Hong Kong police say their tactics have not changed and they respect the public’s freedoms of expression, speech and assembly, but Dapiran says the protest environment has become “a lot darker”.
Protest is a physical manifestation of Hong Kong’s core values, he says, accusing the government of waging “law-fare” on protesters through the targeted use of laws to suppress dissent.
This campaign includes the legal proceedings to expel six democratically elected lawmakers on the grounds of improper oath taking, and harsh sentences handed out in August 2017 to young activists Joshua Wong Chi-fung, Alex Chow Yong-kang and Nathan Law Kwun-chung for storming a forecourt of the government complex (though these were subsequently quashed on appeal in February 2018).
In January this year, Agnes Chow Ting was disqualified from running in a Legislative Council by-election by a returning officer from the Electoral Affairs Commission on the grounds that her party, Demosisto, had called for “self-determination” for Hong Kong.
In June, Hong Kong Indigenous spokesman and independence advocate Edward Leung Tin-kei was sentenced to six years imprisonment for his part in the Mong Kok riots. The pro-independence Hong Kong National Party, meanwhile, has been given until September 4 to justify its existence or face being banned, based on a recommendation from the Hong Kong police.
The cumulative impact of “law-fare” is that since 2016, protest has been on the decline, is largely confined to single issues, and political dissent has gone underground.
“There is still protest about bus companies or banks, but political protests are diminishing,” says former Occupy protester and University of Hong Kong third-year undergraduate Nicole Yau Lee-man, who feels the government is trying to close doors on protest and dissent.
“That’s why the Hong Kong National Party is now being closed down,” she says, adding that after the umbrella movement she and her friends left the streets and instead turned to campaigning anonymously on social media in opposition to mainland Chinese parallel traders in the northern New Territories. She says some of her peers were still arrested.
“I don’t really do any protesting now. Maybe I see a Facebook site and put a ‘like’ but that’s about the limit of it now. It’s just an echo wall where you share views with like-minded people,” she says.
The sense of diminishing options is a common theme among Yau’s generation of protesters.
“After the disqualification of the Legco councillors, people realised that government could just stop you doing anything constructive and useful,” says filmmaker Nora Lam Tze-wing, who found herself immersed in the radical atmosphere around the umbrella movement as a student reporter. She later directed the critically acclaimed 2017 documentary Lost in the Fumes, tracing the personal and political fortunes of the imprisoned Leung.
“I think the fate of Edward Leung is a metaphor for what happened to passion and social consciousness in Hong Kong,” she says, adding that most of her contemporaries have turned their attention away from politics.
“For me and my peers, a lot of us have moved on,” she says, adding that if the government had been less intransigent in dealing with the umbrella movement, the current political landscape might look very different.

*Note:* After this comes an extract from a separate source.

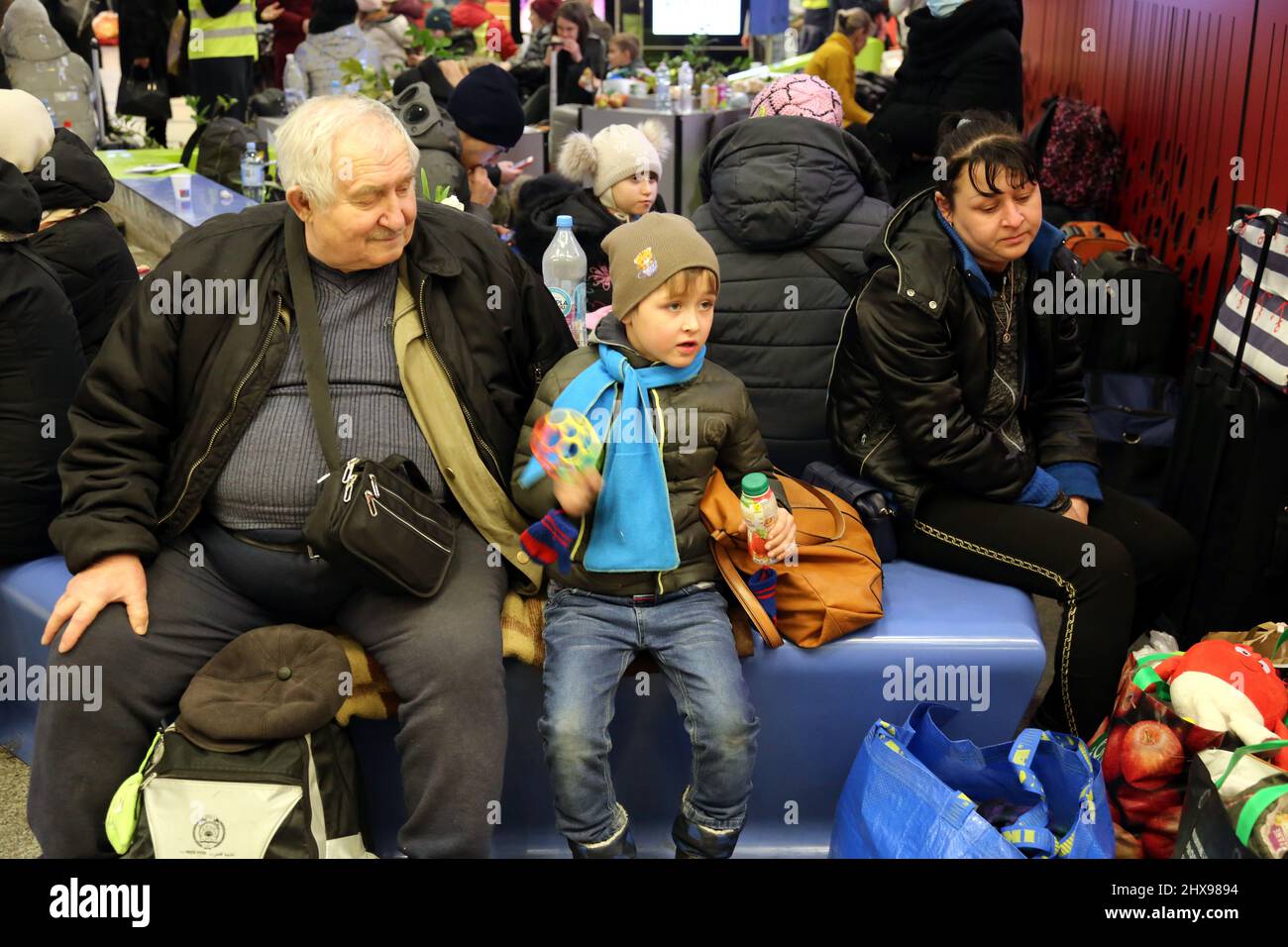 Krakau. Krakau. Polen. Ukrainische Flüchtlinge, die meisten von ihnen Frauen und Kinder, zelten in den Hallen und Korridoren des Bahnhofs. Einige von ihnen verzichten Stockfoto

Many in the business sector resented the disruption caused by the umbrella movement, but Lam says it was only because the mass protest failed to achieve any significant political concessions that many protesters chose a more confrontational and violent localist strategy instead.
Some protesters calculated that the “peace and love” ethos embraced by the umbrella movement was the reason the government chose to ignore it. Others surmised that democracy could never be achieved in a single-party authoritarian state such as China. So logic dictated that the only way of achieving democracy was through independence – and the issue that rapidly became Hong Kong’s big political taboo.

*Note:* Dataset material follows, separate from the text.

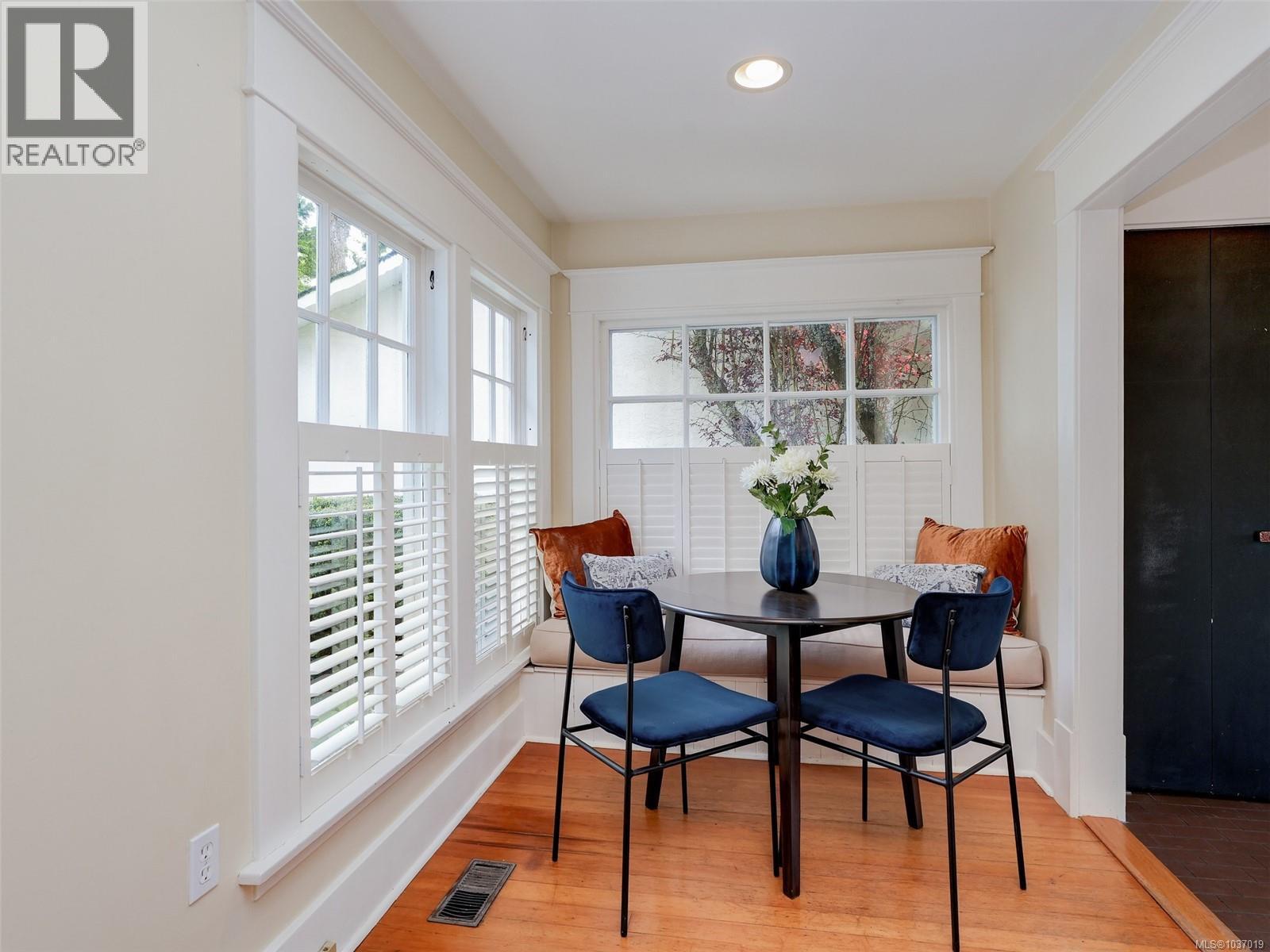 972 Wilmer St, Victoria, British Columbia  V8S 4B7 - Photo 10 - 1037019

It is what legal scholar and Occupy architect Benny Tai Yiu-ting refers to as the “change of mood after the umbrella movement”.

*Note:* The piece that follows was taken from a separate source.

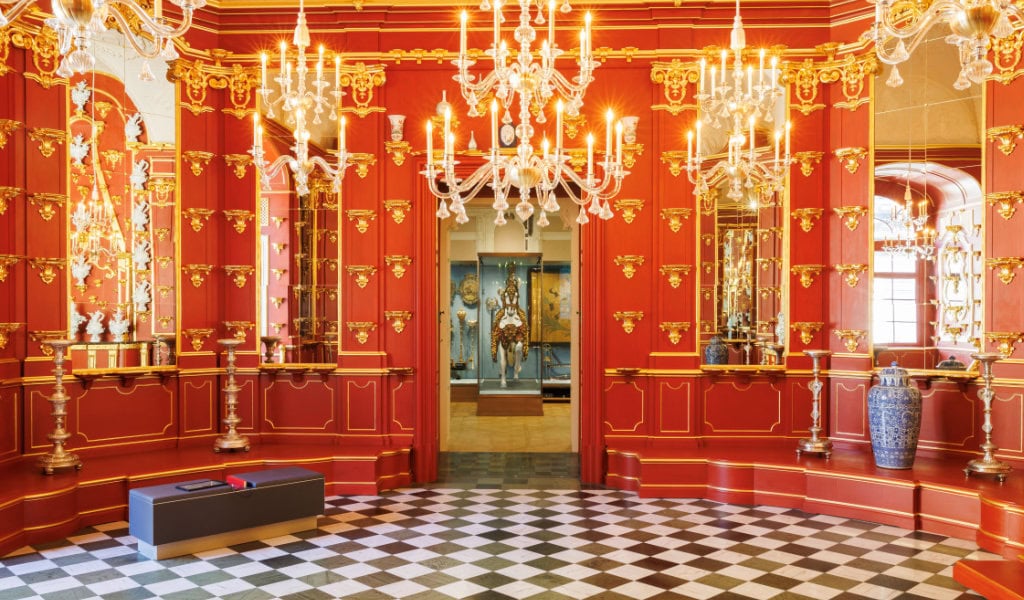 mit goldenen Verzierungen, Kronleuchtern und schwarz-weißem Boden in der Residenzschloss Dresden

Dapiran says in his book that the Hong Kong authorities have consistently accommodated the demands of mass public demonstrations, and this has long been recognised as a legitimate part of the political process. Even the 1966 Star Ferry riots, the most severe street violence in post-war Hong Kong that was widely condemned at the time, brought about far-reaching social change, including the introduction of progressive employment legislation.
Similarly, mass protests in 2003 – a record turnout of half a million people – led to the shelving of the introduction of Article 23 internal security legislation and the resignation of security secretary Regina Ip Lau Suk-yee. The July 2012 protests against the introduction of national education in schools forced a climb down by then Chief Executive Leung Chun-ying, who subsequently announced that the proposals would be optional.
The 2014 umbrella movement protest, however, was doubly unique. While Dapiran calls it the “zenith of political protest in Hong Kong”, in that it had a higher local and international profile than any other, it was probably the only mass protest in Hong Kong history to have failed.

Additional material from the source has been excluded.